Hadir dalam pertemuan yakni para delegasi dari 33 negara di kawasan Asia Pasifik dan 10 mitra FAO dari berbagai asosiasi dan organisasi. Pertemuan kali ini membahasa agenda tentang percepatan perbaikan pengumpulan pemantauan data statistik pertanian untuk memastikan target yang ditetapkan dalam Tujuan Pembangunan Berkelanjutan (Sustainable Development Goals/SDGS) secara akurat dilaporkan dalam wilayah terbesar di dunia, Asia-Pasifik.
Kepala Statistik FAO Pietro Gennari mengatakan, data statistik pangan dan pertanian sangat penting. Seiring berlalunya waktu menuju 2030, tahun ketika 17 Tujuan Pembangunan Berkelanjutan (SDGS) dunia narus dicapai, negara-negara di kawasan regional bekerja untuk meningkatkan sistem pendataan statistik dan analisis untuk perencanaan yang lebih baik di sektor pertanian, peternakan, perikanan, dan kehutanan. Namun, kemampuan untuk memantau dan menganalisis statistik tersebut bervariasi untuk masing-masing negara, dan tidak ada tempat di dunia yang lebih bervariasi daripada kawasan Asia-Pasifik.
Pietro Gennari mengakui ada kesenjangan data yang signifikan di Asia-Pasifik dalam memonitor SDGS dan lambatnya pencapaian tujuan. “Komitmen negara yang lambat untuk mengukur SDGS dan kinerja yang buruk untuk mencapai SDGS, terkait erat. Kami menyaksikan inversi aksioma yang lazim di mana apa yang diukur dan yang akan dilakukan. Kami tidak mengukur indikator SDGS dan ini adalah salah satu alasan penting mengapa kami tidak berada di jalur yang tepat untuk mencapai target SDGS,” jelasnya.
Berfokus pada kebutuhan spesifik statistik pangan dan pertanian Asia-Pasifik, pertemuan dua tahunan ahli statistik dan pakar pertanian ini akan meninjau dan mendukung kesiapan kawasan untuk menghasilkan statistik yang memadai untuk memantau kemajuan menuju target SDGS untuk tahun 2030. Hal ini sangat penting karena ketahanan pangan memainkan peran penting dalam berbagai bentuk kelaparan dan kekurangan gizi.

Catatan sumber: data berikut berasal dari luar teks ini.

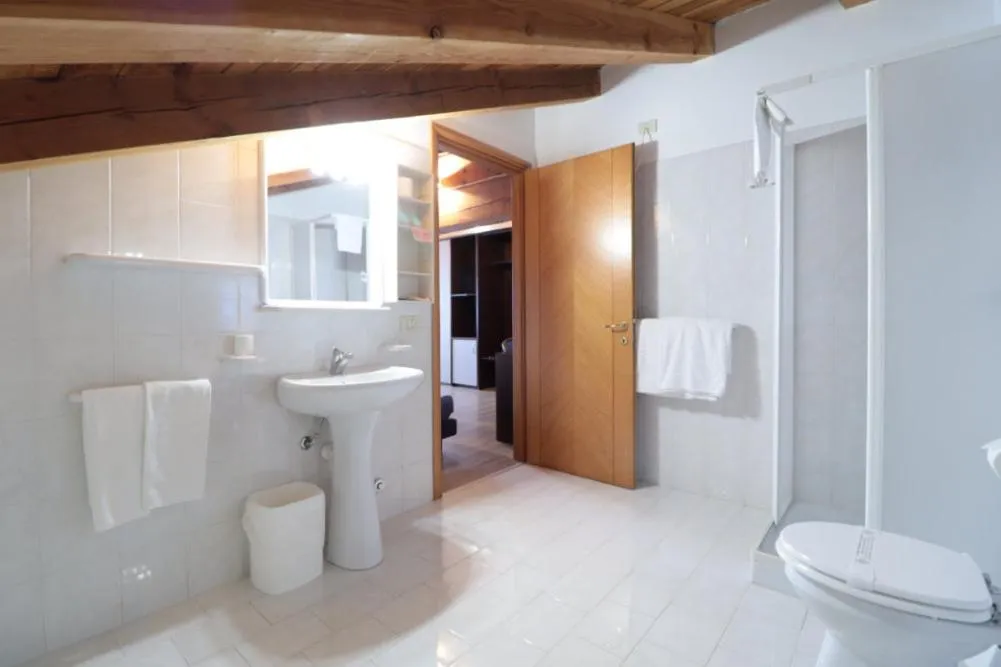 Shower in Etoile De Neige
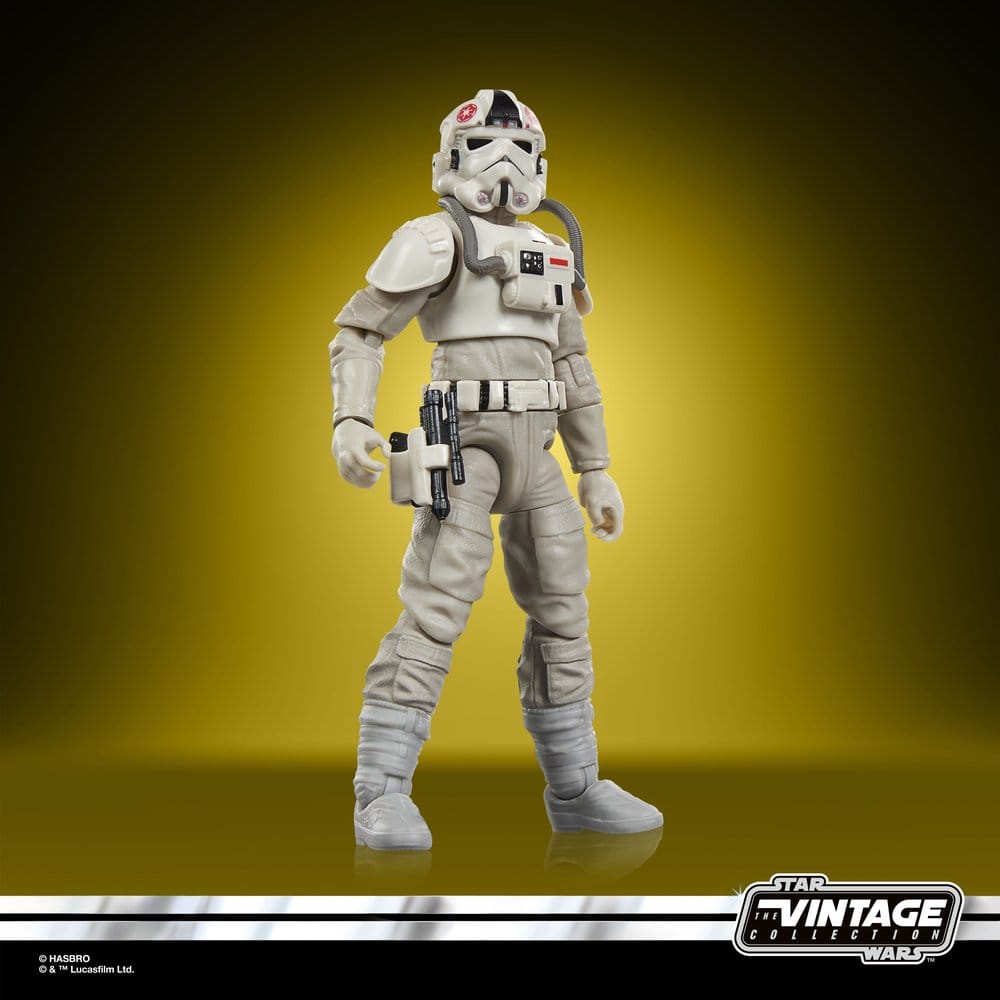 Star Wars: The Mandalorian & Grogu Vintage Collection Action Figure Imperial Remnant AT-AT Driver 10 cm 13 Star Wars: The Mandalorian & Grogu Vintage Collection Action Figure Imperial Remnant AT-AT Driver 10 cm - Bilde 13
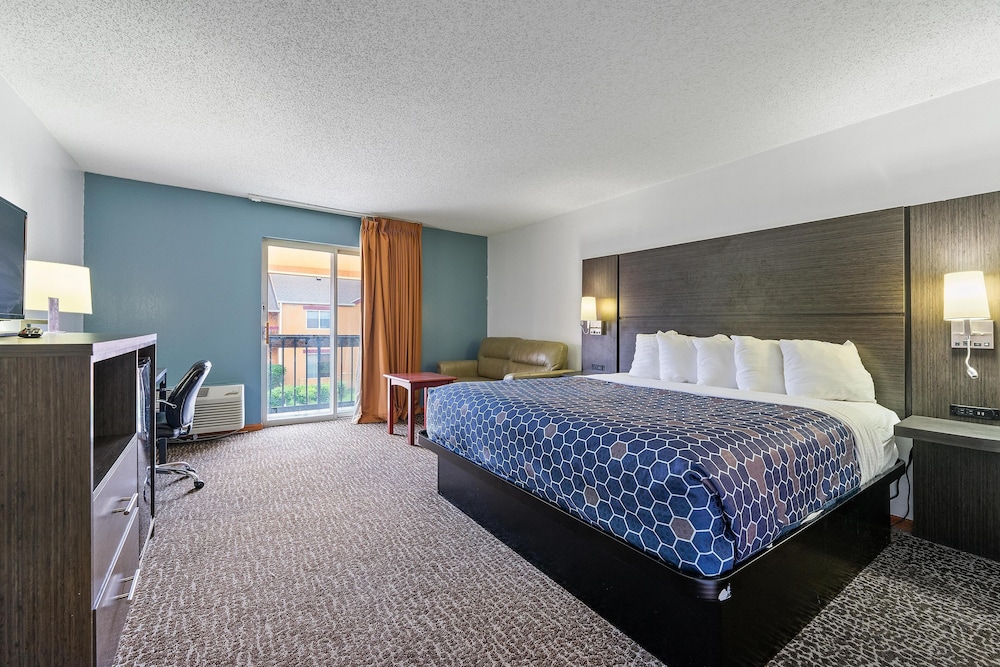 Premier Room, 1 King Bed, Balcony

Mayoritas kelaparan dunia dan anak-anak yang terkena dampak stunting tinggal di Asia-Pasifik. Di negara-negara berpenghasilan menengah ke atas dan tinggi, tinggal di rumah tangga yang rawan pangan akan memperbesar kemungkinan obesitas pada anak-anak usia sekolah, remaja, dan orang dewasa.
Kelaparan telah meningkat di banyak negara. Ekonomi melambat atau berkontraksi sebagian besar di negara-negara berpenghasilan menengah. Selain itu, guncangan ekonomi berkontribusi untuk memperpanjang dan memperburuk keparahan krisis pangan yang terutama disebabkan oleh konflik dan goncangan iklim.
Kepala Badan Pusat Statistik (BPS) Suhariyanto mengatakan, kerjasama antara FAO dan pemerintah, termasuk dalam pemerintah sendiri seperti antara BPS dan Kementerian Rertanian, dan juga dengan Kementerian/Lembaga lain yang terkait, sangat diperlukan untuk menghasilkan statistik pertanian berkualitas yang akurat, tepat waktu, dan relevan untuk menyediakan pencapaian indikator SDGS.
Pertukaran nengetahuan dan pengalaman terbaik melalui pertemuan APCAS seperti Ini adalah suatu cara untuk meningkatkan, memperbaiki, dan mempercepat perkembangan statistik pertanian untuk memonitor pencapaian SDGS di wilayah Asia Pasifik. “Kami dari BPS membutuhkan data pertanian secara akurat berbasiskan teknologi,” ujarnya.
Kepala Pusat Data dan Informasi Kementan Ketut Kariyasa mengatakan, Kementan saat ini sangat ketat dengan data tentang lahan pertanian. “Pak Menteri Pertanian sangat konsen dengan data. Seperti data tentang lahan sawah misalnya, dia akan berdampak pada produksi padi dan beras yang akurat,” ujarnya.
Ia mengakui jika BPS sudah melakukan yang terbaik agar data yang dipublikasikan data pertanian di Indonesia. Sebab data yang sama juga akan berdampak pada ekonomi, kesenjangan sosial, stok pangan nasional dan seterusnya.